Stored dataset items:
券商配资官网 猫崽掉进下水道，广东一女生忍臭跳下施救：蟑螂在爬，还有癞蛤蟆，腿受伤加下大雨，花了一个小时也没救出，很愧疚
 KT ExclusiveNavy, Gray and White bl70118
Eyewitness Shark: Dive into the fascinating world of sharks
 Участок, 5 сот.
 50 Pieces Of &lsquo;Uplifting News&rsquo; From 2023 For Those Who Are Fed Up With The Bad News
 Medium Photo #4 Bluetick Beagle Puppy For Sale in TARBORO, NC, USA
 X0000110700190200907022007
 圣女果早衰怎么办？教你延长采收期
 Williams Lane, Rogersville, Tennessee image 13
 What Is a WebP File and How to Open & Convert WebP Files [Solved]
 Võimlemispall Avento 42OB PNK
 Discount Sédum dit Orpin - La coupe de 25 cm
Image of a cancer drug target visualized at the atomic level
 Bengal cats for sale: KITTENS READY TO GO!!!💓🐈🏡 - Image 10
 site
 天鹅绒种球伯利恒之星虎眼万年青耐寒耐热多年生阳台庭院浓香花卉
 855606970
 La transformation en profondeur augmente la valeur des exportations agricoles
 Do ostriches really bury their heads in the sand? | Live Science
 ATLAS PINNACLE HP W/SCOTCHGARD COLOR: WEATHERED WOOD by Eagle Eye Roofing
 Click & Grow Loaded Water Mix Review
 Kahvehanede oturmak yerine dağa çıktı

Assigned task
Your task is to quote, without any alteration, the lines running from the top of the records to the line that holds "Discount Sédum dit Orpin - La coupe de 25 cm", both included.

Solution
券商配资官网 猫崽掉进下水道，广东一女生忍臭跳下施救：蟑螂在爬，还有癞蛤蟆，腿受伤加下大雨，花了一个小时也没救出，很愧疚
 KT ExclusiveNavy, Gray and White bl70118
Eyewitness Shark: Dive into the fascinating world of sharks
 Участок, 5 сот.
 50 Pieces Of &lsquo;Uplifting News&rsquo; From 2023 For Those Who Are Fed Up With The Bad News
 Medium Photo #4 Bluetick Beagle Puppy For Sale in TARBORO, NC, USA
 X0000110700190200907022007
 圣女果早衰怎么办？教你延长采收期
 Williams Lane, Rogersville, Tennessee image 13
 What Is a WebP File and How to Open & Convert WebP Files [Solved]
 Võimlemispall Avento 42OB PNK
 Discount Sédum dit Orpin - La coupe de 25 cm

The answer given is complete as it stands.